Seasoning a Cast Iron Skillet
Cast iron pans are tough, durable and reliable kitchen staples that have been around for a very long time. While cast iron has never really gone away, it was largely displaced in home kitchens by lightweight cookware sporting fancy non-stick surfaces. In the last decade, cast iron has been rediscovered by dedicated back-to-basics cooks who love working with the pans, despite the added care and knowledge required to maintain them.
Why do cooks love them? They’re great at holding heat and they can be used both on the stovetop and in the oven (as long as the handles are designed for this). But the selling point for many is cast iron’s natural non-stick surface, which can be achieved through a process called “seasoning.” This simple procedure gives your pan a protective coat that keeps food from sticking and inhibits rust. There are no fancy space-age coatings required; all you need is oil, heat and patience.

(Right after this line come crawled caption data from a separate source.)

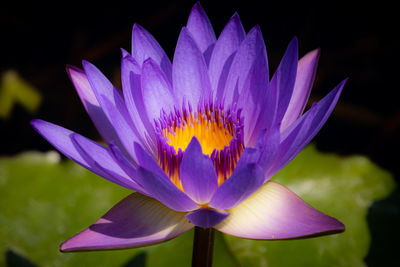 Close-up of purple water lily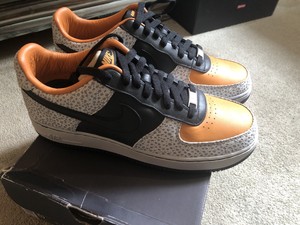 air force one safari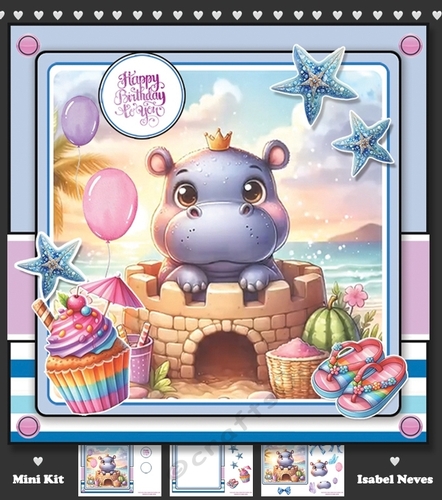Hippo Beach Birthday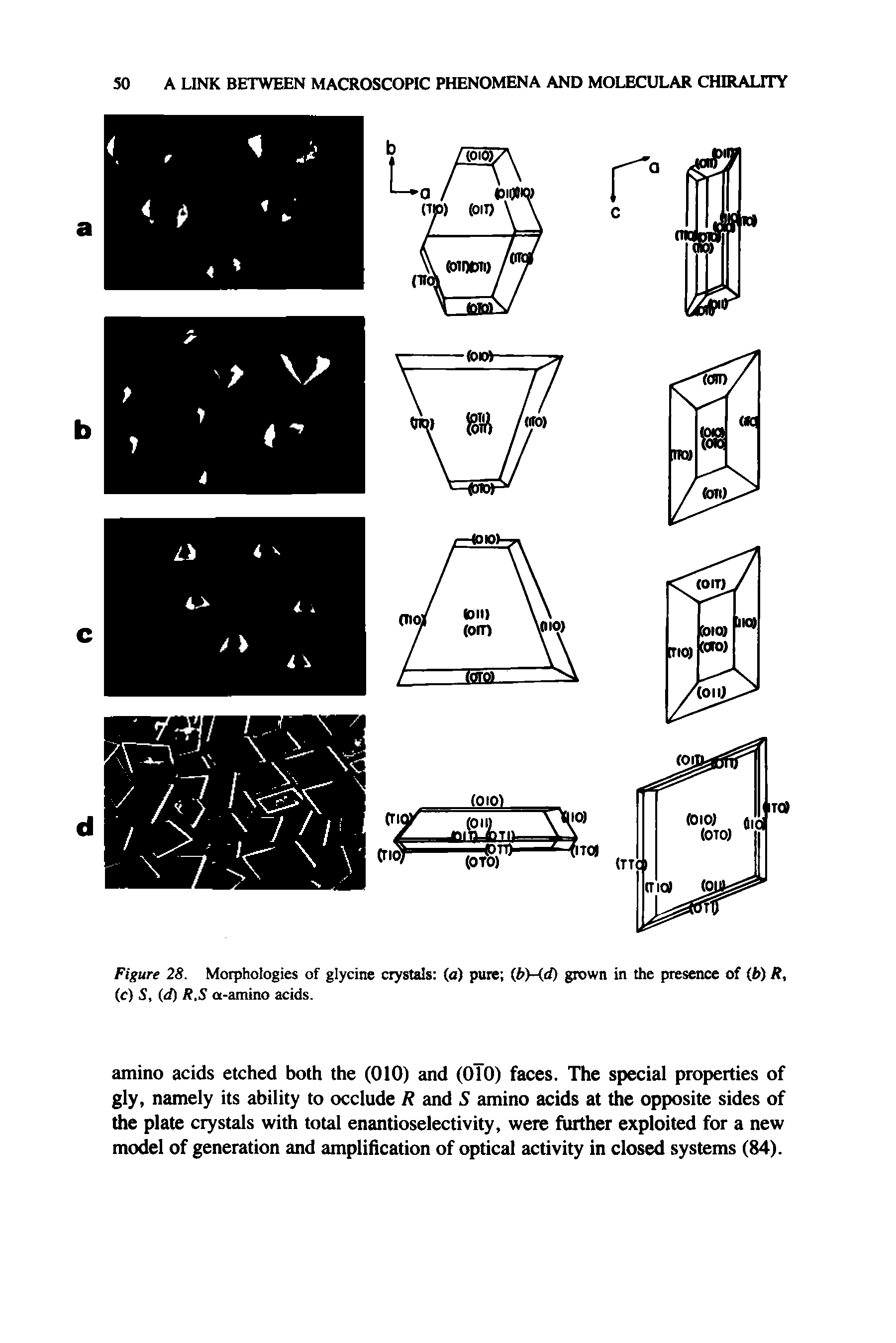 Figure 28. Morphologies of glycine crystals (a) pure (b)-(d) grown in the presence of (I>) R, (c) S, (d) R.S a-amino acids.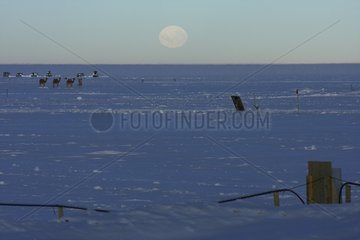 Moonrise over a mirage on the Concordia Station Antarctica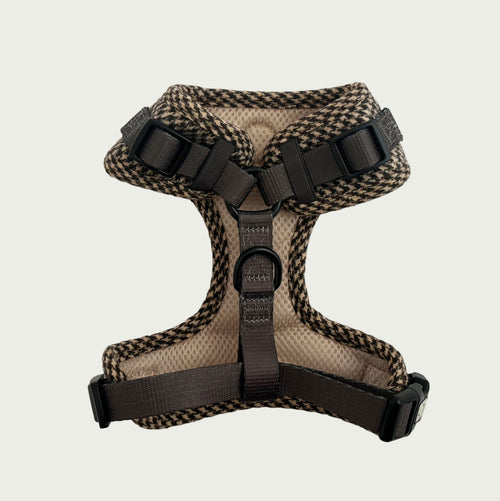 Biscuit Check Harness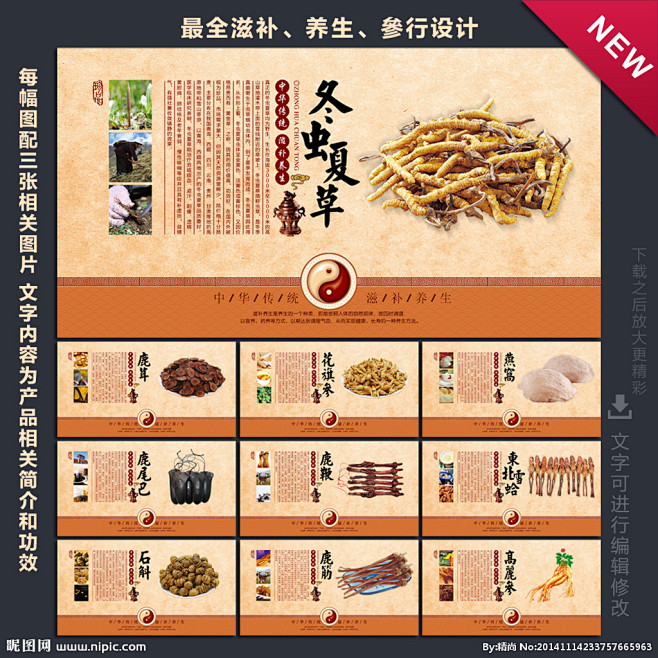 参行 参行展板 参行海报 参行挂画 中药...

Unless your cast iron pan is pre-seasoned, you should always season it before using it for the first time. We get lots of questions about this, so we thought we’d share our guide on how to properly season a cast iron pan:
- Wash the pan well and rinse, then dry completely.
- Coat the interior of the pan with a thin layer of vegetable oil, lard or shortening. Avoid using butter or a low smoke point oil such as olive oil.
- Bake in a 250 F oven for approximately 30 minutes.
- Let the pan cool in the oven. If you have to move the pan before it’s completely cool, use an oven mitt, as the handle will be hot.
- Wipe the pan and repeat steps two through four of the procedure. You can do this two or three times for an even better seasoning.
Once you’ve seasoned your cast iron pan, it’s important to clean it correctly so that the seasoning stays in place. Here are our general cleaning tips for seasoned cast iron pans:
- Do not soak, and do not put in the dishwasher.
- Always allow the pan to cool before washing.
- Wash with hot water and a small amount of dish soap, then rinse and dry well.
- If you have to scrub at a burned on portion, use coarse salt and a non-scratch pad to preserve the seasoned surface.
- If the pan gets sticky or develops rust over time, use steel wool to scrub it clean and then re-season the pan using the seasoning procedure.
- If stacking pans for storage, place a layer of paper towel between the pans.